(Beginning of Raw data)

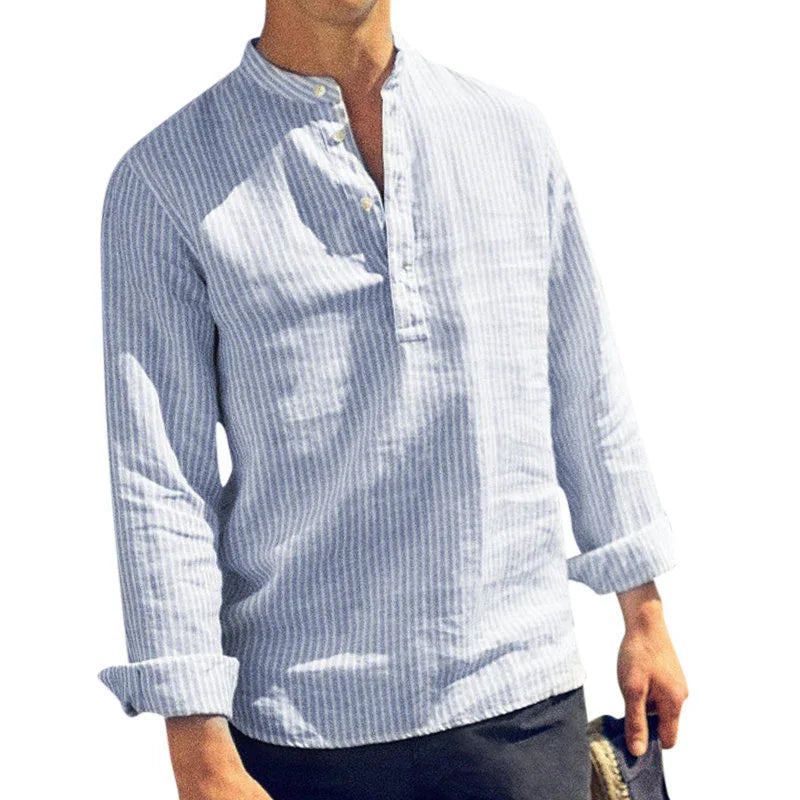 Men's casual light blue striped linen shirt with rolled sleeves and buttoned placket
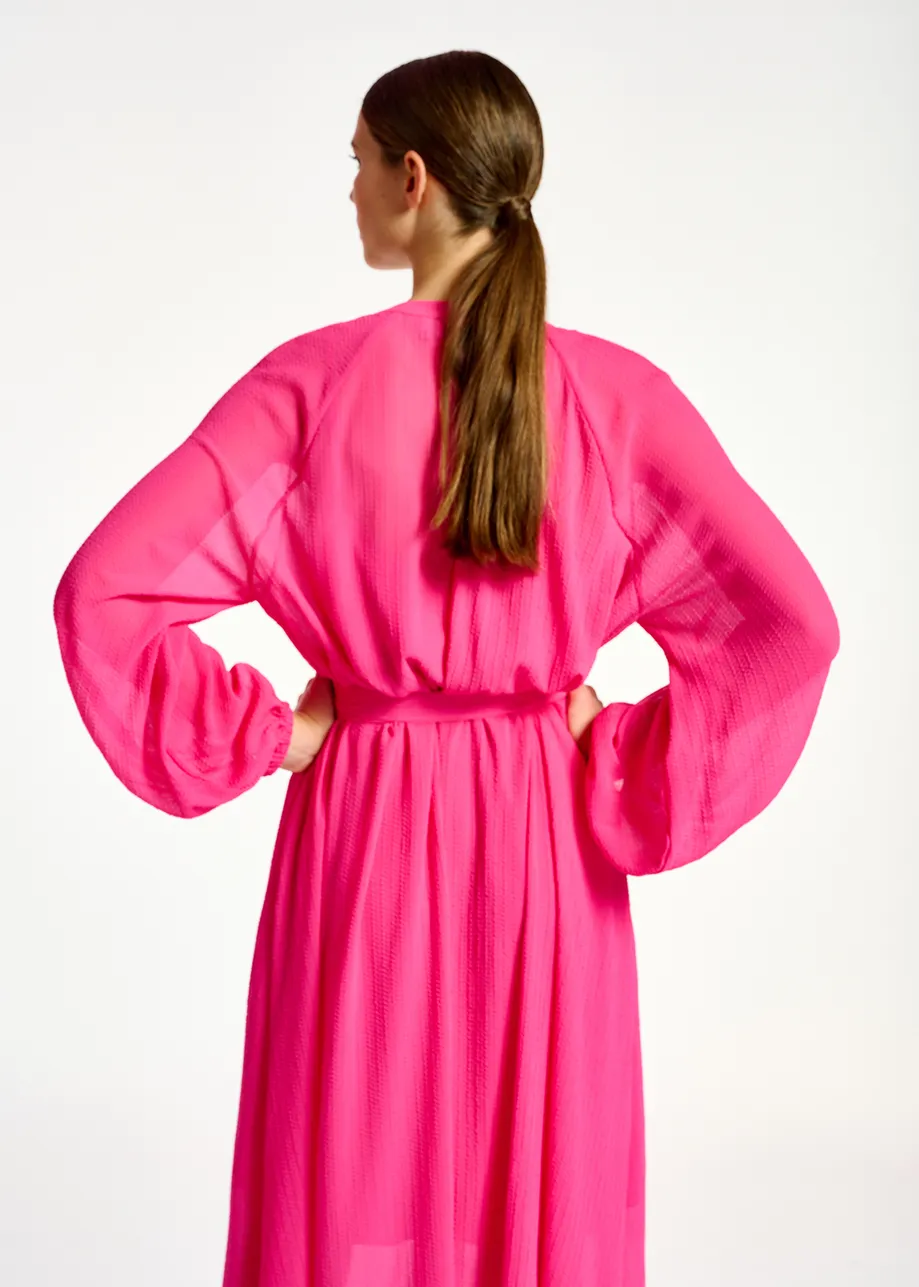 Robe chemise midi fuchsia avec ceinture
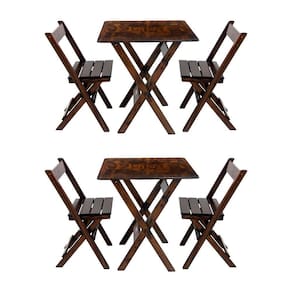 Kit 2 Conjuntos Mesa Dobrável Para Bar E Restaurante 60x60cm Com 2 Cadeiras Em Madeira Maciça - Imbu - Marrom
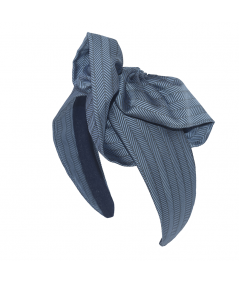 Blue Herringbone Tulip Turban Headband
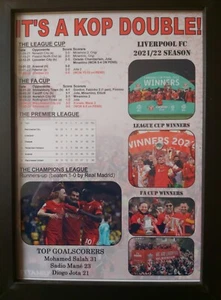 Liverpool FA Cup & League Cup double - 2021/22 season - framed print - Picture 1 of 2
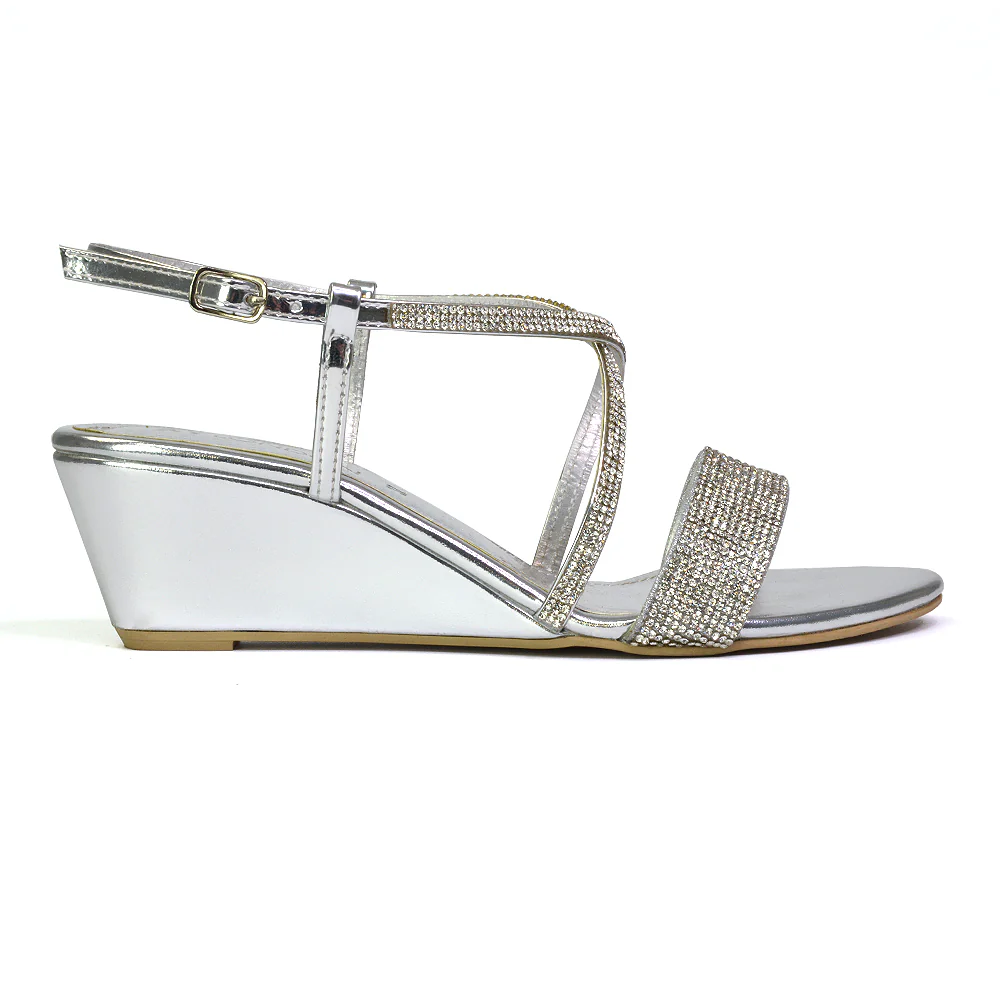 Ocean Sparkly Gem Crystal Diamante Ankle Strap Wedge Heel Sandals in Gold - Image 16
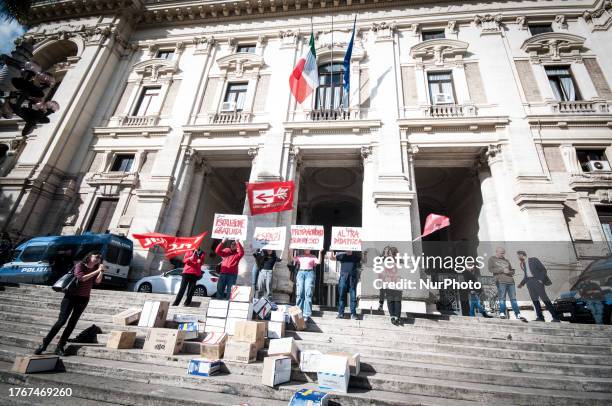 Students take part in a demonstration under the Minister of Education and Merit, in Rome, Italy, on November 6, 2023.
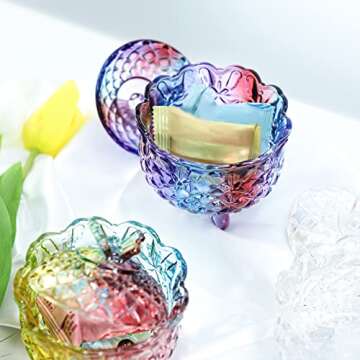 SOCOSY Royal Embossed Crystal Glass Candy Box with Lid Footed Jewelry Bowl Wedding Buffet Kitchen Storage Jar, 10 oz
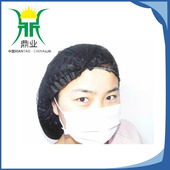 无菌帽 一次性帽子 黑色条形帽 防尘帽 工作帽 无纺布食品帽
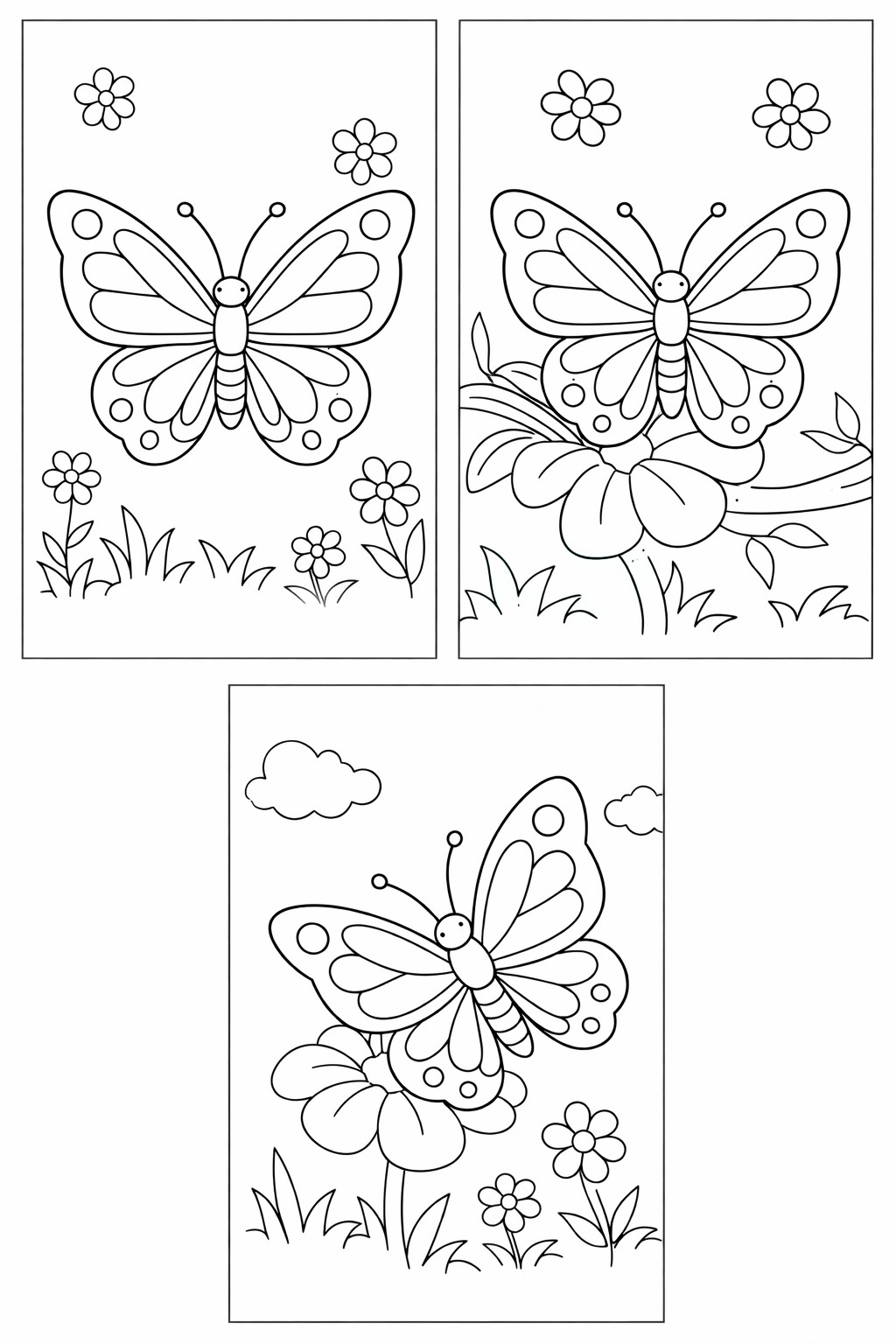 butterflies in the garden Coloring page butterflies in the garden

(End of Raw data)

Restate each record from above word for word, excluding any picture it holds.

 Men's casual light blue striped linen shirt with rolled sleeves and buttoned placket
 Robe chemise midi fuchsia avec ceinture
 Kit 2 Conjuntos Mesa Dobrável Para Bar E Restaurante 60x60cm Com 2 Cadeiras Em Madeira Maciça - Imbu - Marrom
 Blue Herringbone Tulip Turban Headband
 Liverpool FA Cup & League Cup double - 2021/22 season - framed print - Picture 1 of 2
 Ocean Sparkly Gem Crystal Diamante Ankle Strap Wedge Heel Sandals in Gold - Image 16
 Students take part in a demonstration under the Minister of Education and Merit, in Rome, Italy, on November 6, 2023.
 SOCOSY Royal Embossed Crystal Glass Candy Box with Lid Footed Jewelry Bowl Wedding Buffet Kitchen Storage Jar, 10 oz
 无菌帽 一次性帽子 黑色条形帽 防尘帽 工作帽 无纺布食品帽
 butterflies in the garden Coloring page butterflies in the garden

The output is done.